Dr. Claud Anderson - Just Enjoy Your Life

Dr. Claud Anderson, a person who has been trying to get a message out to the Black community for a while, over 40 years I am told...I just heard about him this week.  I have listened and listened and listened to his interviews and speeches and I must say that I think his concepts are good but the audience he is trying to reach is not so good.

The alumni of Howard University and Spelman College have been doing what they do for a long, long time.  They have generations invested and grounded and sacrificed for this present government and reality. It is sad really...If Dr. Claud really knew how many lives lost it has cost to be where our nation is right now, he would just take a seat and watch the clouds go by; try to enjoy the rest of his life and his family.

Who does he remind me of?  Whitney B. Young is who he reminds me of.  Director of the Urban League, friend to Presidents and so, so naive...by the time he realized the truth of what this whole thing was about and how it truly works he lost his life soon after.  He could have retired from the Urban League and enjoy his daughters and his wife.  He had completed so much "work" he didn't need to utter another word ever again.  His family needed him so much. This so breaks my heart and if Dr. Claud could see my heart I would tell him to focus on his family.

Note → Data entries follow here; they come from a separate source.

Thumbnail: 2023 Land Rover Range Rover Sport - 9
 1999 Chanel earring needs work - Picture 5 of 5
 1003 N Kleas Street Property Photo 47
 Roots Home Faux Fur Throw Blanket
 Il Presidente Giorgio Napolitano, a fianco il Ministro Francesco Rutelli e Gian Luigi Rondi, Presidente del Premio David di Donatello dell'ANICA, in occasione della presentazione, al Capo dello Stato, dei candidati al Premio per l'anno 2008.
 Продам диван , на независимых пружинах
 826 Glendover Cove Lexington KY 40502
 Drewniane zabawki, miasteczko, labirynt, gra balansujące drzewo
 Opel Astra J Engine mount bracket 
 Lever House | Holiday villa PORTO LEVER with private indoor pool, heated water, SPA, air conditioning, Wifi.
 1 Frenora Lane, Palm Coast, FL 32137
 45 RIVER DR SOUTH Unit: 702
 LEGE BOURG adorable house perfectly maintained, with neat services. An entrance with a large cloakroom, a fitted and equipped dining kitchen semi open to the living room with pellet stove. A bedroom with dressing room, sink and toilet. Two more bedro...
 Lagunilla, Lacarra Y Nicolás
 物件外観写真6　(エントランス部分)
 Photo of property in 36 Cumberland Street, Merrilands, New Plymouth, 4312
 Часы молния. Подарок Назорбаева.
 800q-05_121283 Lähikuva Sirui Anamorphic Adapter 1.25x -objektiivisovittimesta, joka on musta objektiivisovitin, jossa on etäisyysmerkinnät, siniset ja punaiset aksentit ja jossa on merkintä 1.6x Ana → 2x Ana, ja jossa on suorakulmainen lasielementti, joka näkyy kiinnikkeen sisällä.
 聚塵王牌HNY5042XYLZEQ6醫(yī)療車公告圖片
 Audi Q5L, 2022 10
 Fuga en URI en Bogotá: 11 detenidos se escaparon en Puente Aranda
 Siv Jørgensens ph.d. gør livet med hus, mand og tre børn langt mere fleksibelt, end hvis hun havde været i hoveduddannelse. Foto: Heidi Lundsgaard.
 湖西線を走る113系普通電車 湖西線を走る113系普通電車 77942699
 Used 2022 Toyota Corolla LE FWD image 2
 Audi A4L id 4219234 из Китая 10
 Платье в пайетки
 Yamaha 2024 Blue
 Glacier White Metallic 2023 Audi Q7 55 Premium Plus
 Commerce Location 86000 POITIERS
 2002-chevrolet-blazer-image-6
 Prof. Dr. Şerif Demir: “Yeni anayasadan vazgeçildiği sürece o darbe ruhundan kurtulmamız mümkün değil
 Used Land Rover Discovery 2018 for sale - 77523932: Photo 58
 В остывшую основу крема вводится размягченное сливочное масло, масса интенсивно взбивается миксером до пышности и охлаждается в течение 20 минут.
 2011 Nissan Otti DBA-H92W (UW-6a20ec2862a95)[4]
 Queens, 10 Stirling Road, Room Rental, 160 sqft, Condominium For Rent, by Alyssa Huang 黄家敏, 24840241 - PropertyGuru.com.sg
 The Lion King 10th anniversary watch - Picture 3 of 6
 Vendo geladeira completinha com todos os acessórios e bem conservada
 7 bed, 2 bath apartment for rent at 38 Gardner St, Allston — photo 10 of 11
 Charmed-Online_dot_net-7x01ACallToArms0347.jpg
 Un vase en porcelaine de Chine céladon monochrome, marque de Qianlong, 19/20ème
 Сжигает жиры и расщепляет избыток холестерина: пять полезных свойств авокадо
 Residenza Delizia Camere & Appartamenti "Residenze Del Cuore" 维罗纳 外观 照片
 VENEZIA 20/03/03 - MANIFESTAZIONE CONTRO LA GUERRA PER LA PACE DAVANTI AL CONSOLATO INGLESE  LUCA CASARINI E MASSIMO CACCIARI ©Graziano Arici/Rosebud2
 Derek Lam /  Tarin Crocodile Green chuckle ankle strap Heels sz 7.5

So many many Black people have lived and died knowing what the "truth" is and yet, they just enjoyed their family, worked their lands and protected their community the best they could.  (Snakes, coyotes, hawks...) Life is very difficult, this is true but this concept of trying to help whole masses of people  - well, it is ridiculous.  No one does that.

Sigh....it is so exasperating...when I think of all the time that Dr. Claud Anderson has spent away from his family to speak to persons who view him as an outsider and will not listen to anything he has said. These people has simply copied his work and taken the credit that is why he is not invited to anything to see others complimented and awarded for his work.

My prayer going forward is that all the souls like Whitney B. Young and Dr. Claud Anderson just focus on their own families, themselves, and their communities. I pray that they not venture out amongst those who will only steal from them.

God bless Whitney B. Young.
God bless Dr. Claud Anderson.
God bless all the souls like them.

And so this is life...I am an outsider myself.  I like it. I remember the day that they wanted to include me...I didn't fall for it.  Lowlifes are lowlifes and they don't change. People who love and accept you - love and accept you.  People who hate you - hate you.

I have been who I am all my days, I have not changed. So, I have never been accepted by my family a.k.a. I do not have sex with family members so I am an outsider.  That is fine with me.  So, out of no where they wanted me to be on the board of the family's multi-million dollar business. Right? Well, yes I have worked for top accounting firms and top non profit business all without any support from my family. The knowledge that I have has just been decorations for my day dreams...however my "family" thought I could be of some use to them so they invited me to be on the board.  Well, I respectfully declined.  My father asked me why and I told him; I have always been on the outside and that is where I will be staying. Mambo said, he just wanted me close and my sons close to effect our death to redeem the life insurance policies he has out on us all...I think Mambo was correct.  It's really here nor there because it just did not make any sense.  I have been out, I'm staying out.  You did not accept me when I needed you - now I don't want to be accepted by you.

I know far too much to be a pawn - I went to Houston Baptist University. My mother's family is no different, just throw in some voodoo and injury to babies to cause brain damage.  So, on that side there is all types of mania, depression, multiple personalities, and loads of sex.  Mentally ill persons are always thinking about sex and more sex; all kinds of sex. Voodoo spells performed with sex rituals with humans and spirits are amazing to say the least. Ugh...family, sex, spirit, truth, .... life - just do what you can to stay out of trouble and do what you can with what you got.  If you have a lot to say but no one to say it to, just be quiet.

Unwanted by the ugly, the deranged, the drug addled, the perverted, and the stupid  ---  I am okay with that.